When you reach the line containing "this 1200×675 image." in the entries below, repeat it and each line after it exactly until the entries end.

Start of RECORDS TO PROCESS

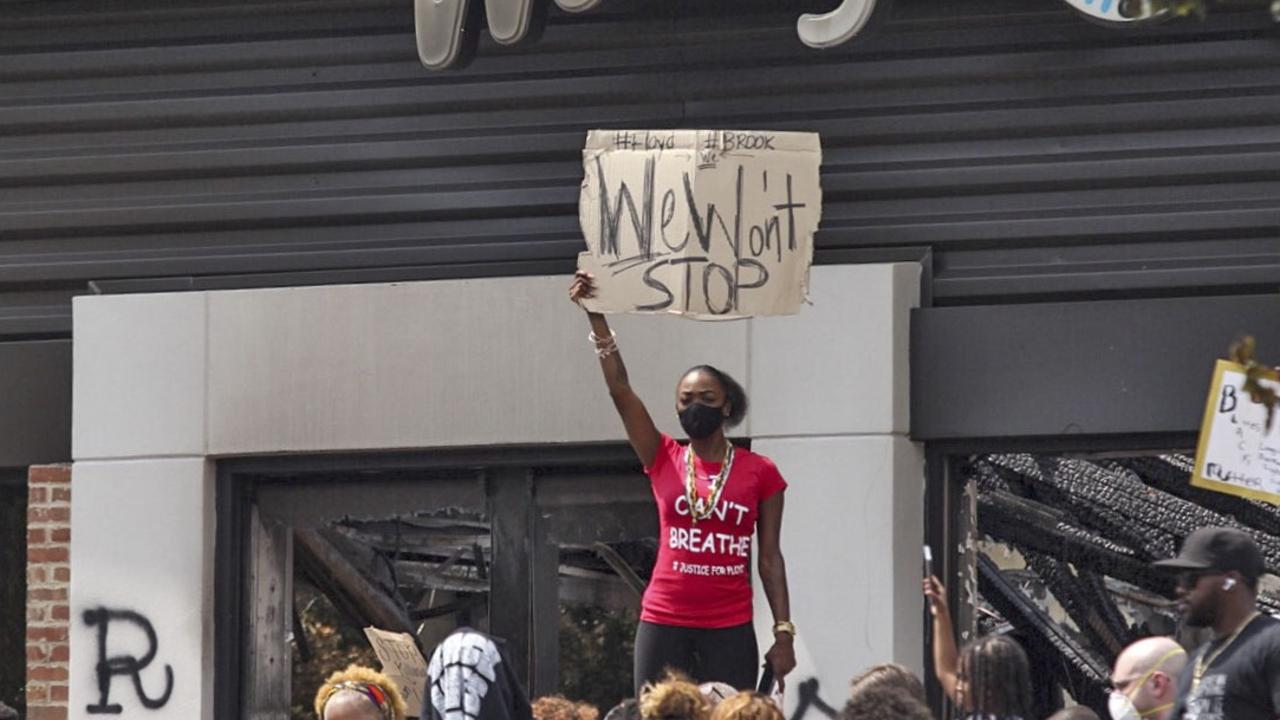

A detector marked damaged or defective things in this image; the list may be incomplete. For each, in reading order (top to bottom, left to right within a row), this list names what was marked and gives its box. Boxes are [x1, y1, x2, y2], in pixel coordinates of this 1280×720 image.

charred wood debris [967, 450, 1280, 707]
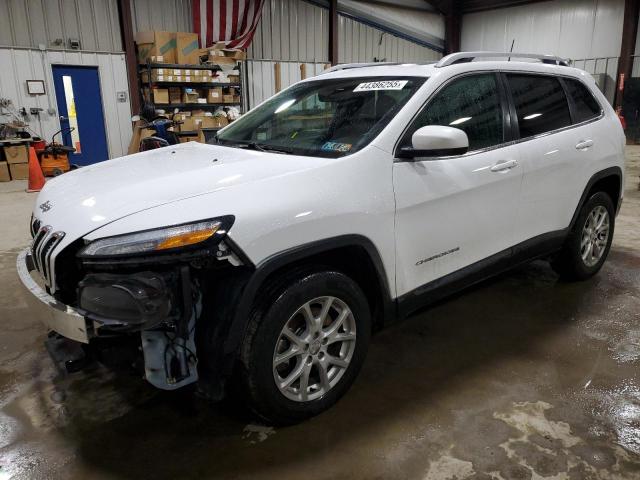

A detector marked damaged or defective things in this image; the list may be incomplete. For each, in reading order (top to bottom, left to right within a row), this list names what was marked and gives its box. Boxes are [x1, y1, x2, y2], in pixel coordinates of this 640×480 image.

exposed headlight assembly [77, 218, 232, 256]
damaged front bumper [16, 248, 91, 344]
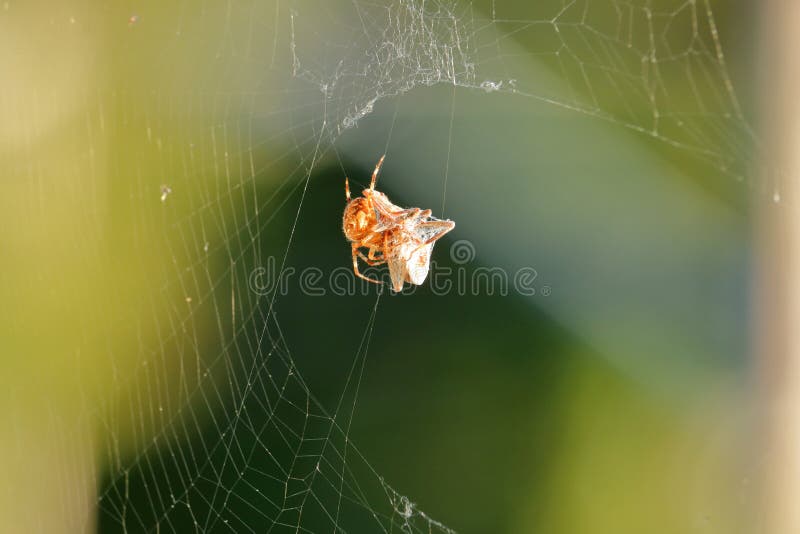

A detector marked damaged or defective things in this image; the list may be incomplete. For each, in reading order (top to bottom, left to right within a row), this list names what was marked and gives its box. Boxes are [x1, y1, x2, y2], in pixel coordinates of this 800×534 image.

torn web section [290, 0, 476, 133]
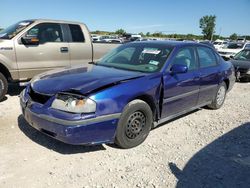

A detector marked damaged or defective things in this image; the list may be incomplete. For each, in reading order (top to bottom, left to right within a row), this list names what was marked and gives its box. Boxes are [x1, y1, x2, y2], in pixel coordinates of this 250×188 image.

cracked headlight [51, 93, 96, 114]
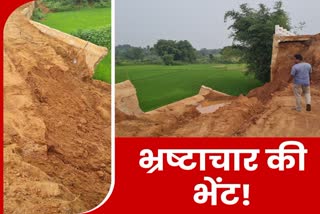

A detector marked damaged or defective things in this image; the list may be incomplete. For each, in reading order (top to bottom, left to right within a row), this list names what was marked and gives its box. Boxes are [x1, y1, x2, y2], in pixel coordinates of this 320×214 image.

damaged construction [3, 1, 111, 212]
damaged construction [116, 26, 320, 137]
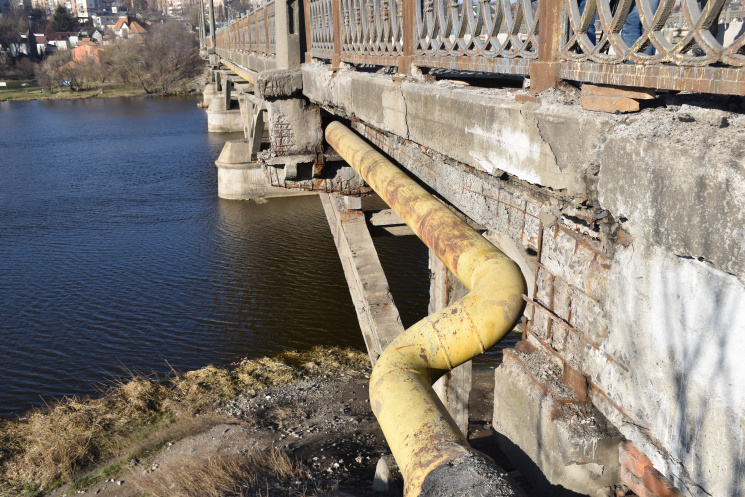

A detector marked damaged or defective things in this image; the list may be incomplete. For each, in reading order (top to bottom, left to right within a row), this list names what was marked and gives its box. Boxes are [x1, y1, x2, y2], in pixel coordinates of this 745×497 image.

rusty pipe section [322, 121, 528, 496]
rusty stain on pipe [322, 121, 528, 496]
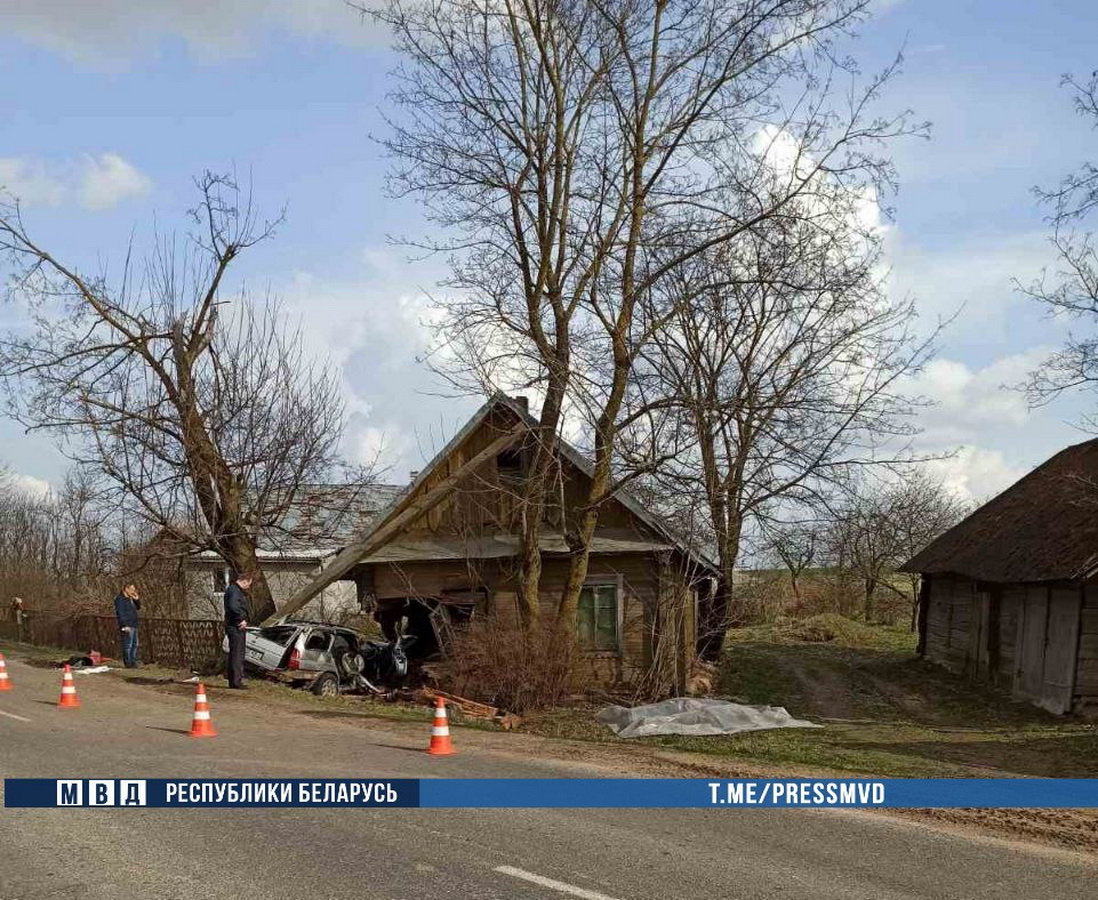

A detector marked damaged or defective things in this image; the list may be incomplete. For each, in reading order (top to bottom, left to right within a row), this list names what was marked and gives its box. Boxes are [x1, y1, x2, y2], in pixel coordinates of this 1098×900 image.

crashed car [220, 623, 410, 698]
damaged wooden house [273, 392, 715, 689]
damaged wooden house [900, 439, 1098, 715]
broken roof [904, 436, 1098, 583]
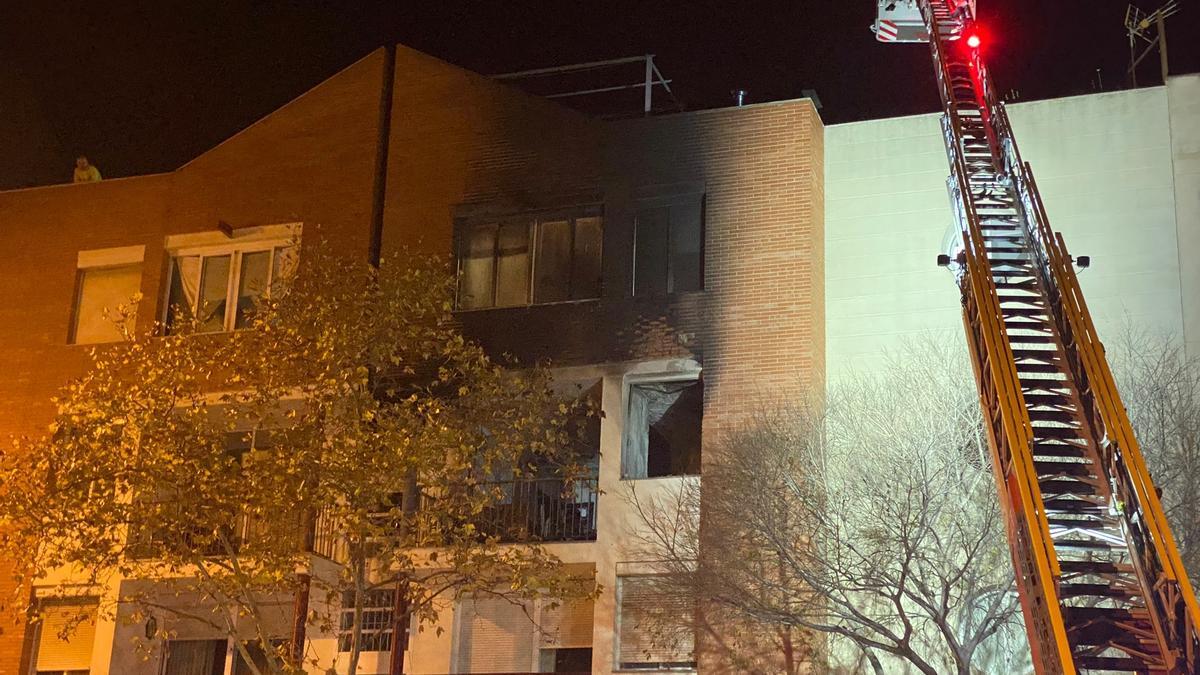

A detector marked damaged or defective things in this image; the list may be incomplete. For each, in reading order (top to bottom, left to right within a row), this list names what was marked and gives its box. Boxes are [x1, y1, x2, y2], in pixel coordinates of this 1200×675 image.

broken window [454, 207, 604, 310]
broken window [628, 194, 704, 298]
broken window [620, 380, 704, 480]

End of RECORDS TO PROCESS

▶ RESULT FOR THIS TASK:
A detector marked damaged or defective things in this image; the list may be incomplete. For each, in reading order (top to bottom, left to right within a row), this list names what was marked and gives its box. Boxes are [x1, y1, x2, y2], in pixel coordinates of this 1200×675 image.

broken window [454, 207, 604, 310]
broken window [628, 194, 704, 298]
broken window [620, 380, 704, 480]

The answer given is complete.